Throughout the first 30 years of modern digital computing, one computational model prevailed. This was the concept of the mainframe computer, which centrally performed all major computational tasks, while being accessed from terminals or client machines. This was the prevailing way in which organizational computing systems for business and government were set up. But all of this started to change in the early-1980s, with the advent of the personal computer.

Throughout the 80s, personal computers quickly gained enough power to perform most computational tasks completely on their own, eventually being able to run applications of the size that could have once only been run on mainframes.

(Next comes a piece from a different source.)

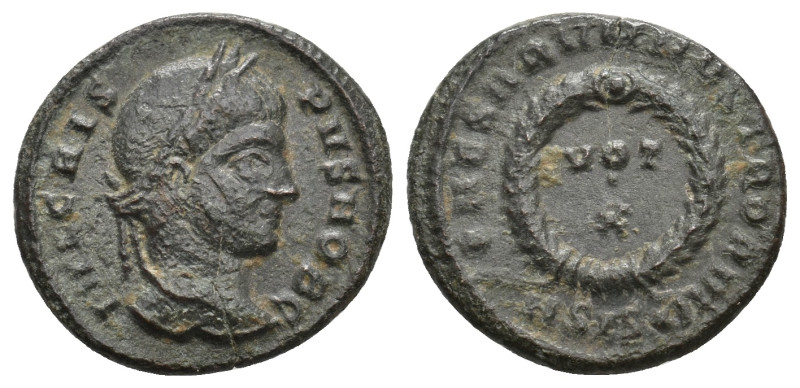 IMPERIAL COIN. 3.08g 18.8m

By the late-90s, the personal computing model, where most computation was performed directly on client machines, even on organizational networks, was the dominant model.

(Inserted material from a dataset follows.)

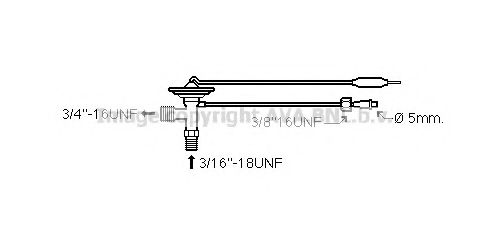 AVA QUALITY COOLING HD1258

But in the early-2000s, the winds of technological change began blowing back towards the computer’s roots and mainframe computing. This was the result of dramatic increases in internet connectivity speeds, because of such infrastructural improvements as widespread fiber optic cables. Developers began realizing that the mainframe computing model of old could be updated, except this time on a scale never before imagined. This marked the birth of cloud computing, which quickly began growing at staggering rates.

Why accounting in the cloud is displacing the traditional computing model

What was quickly realized is that cloud computing resources can be precisely tweaked to maximize efficiency and productivity always. With efficiency and productivity gains on the order of 10 times what an organization using its own computing resources could achieve, the cloud was able to immediately save businesses massive amounts in capital outlays and ongoing expenses, while streamlining IT operations and providing for a level of scalability that had never been imagined.

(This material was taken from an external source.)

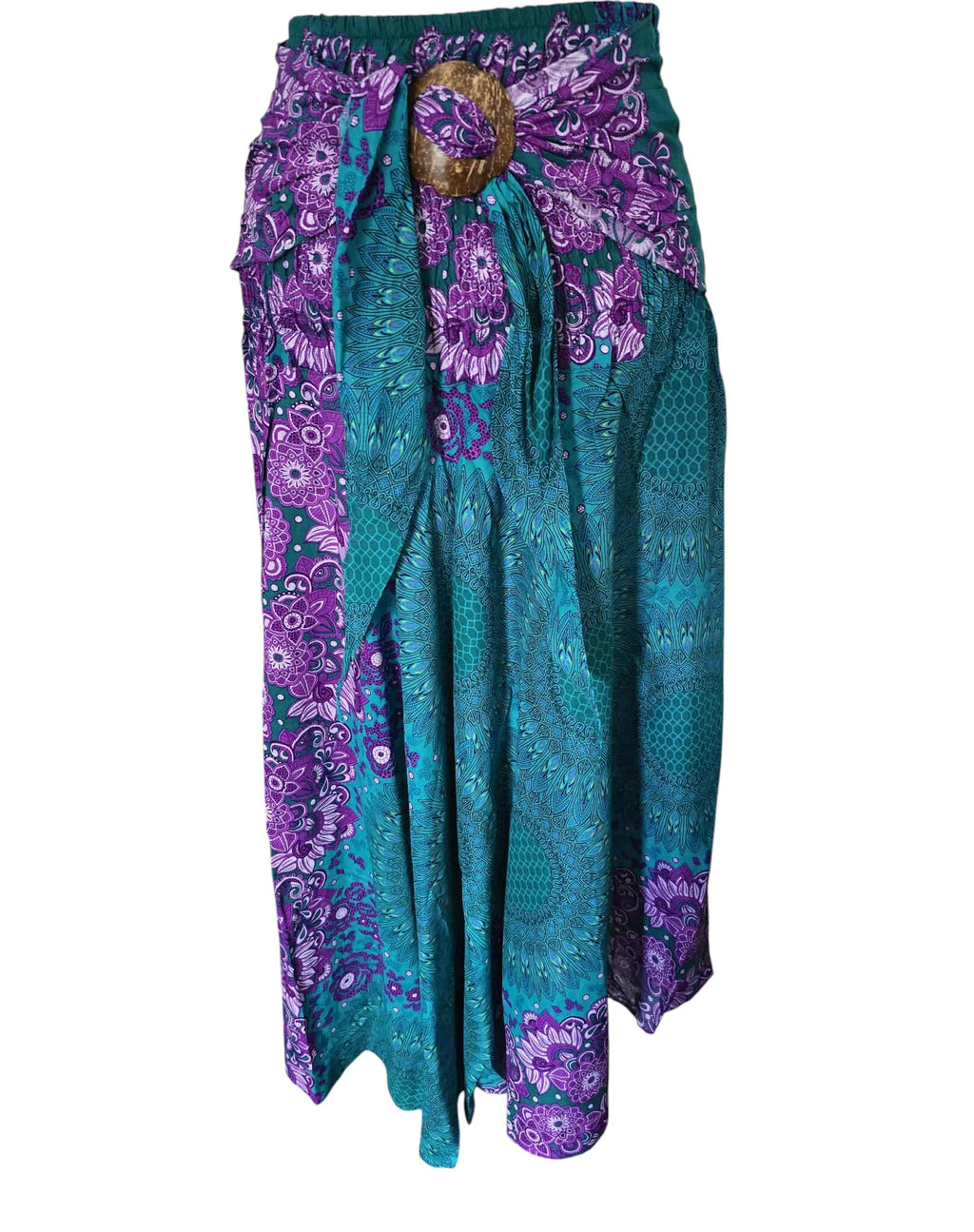 Coconut Skirts/Dresses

For small to medium businesses that need to implement accounting solutions, going with cloud accounting can completely obviate the need for internal networking, capital expenditures on rapidly depreciating computational resources and the growing pains associated with rapid growth, as well as the excess capacity left during contractions. Whereas implementing an in-house accounting system can easily run a typical small to mid-sized business high-five to low-six figures, a cloud accounting solution may cost as little as $100 per month. This can quickly become a no-brainer. The efficiency gains and savings offered by cloud accounting are so vast that in-house computing simply can’t compete.

Another important aspect of cloud accounting is the fact that it can seamlessly accommodate growth. In times past, growing too quickly could result in a company’s accounting operations becoming crippled, as they struggled to scale up, hiring more IT staff, trying to quickly implement ad-hoc networking solutions and spending massive amounts of money on new computer equipment. With cloud accounting, these scaling issues are virtually non-existent. The cloud can handle 100 clients with exactly the same ease as it can handle a single client.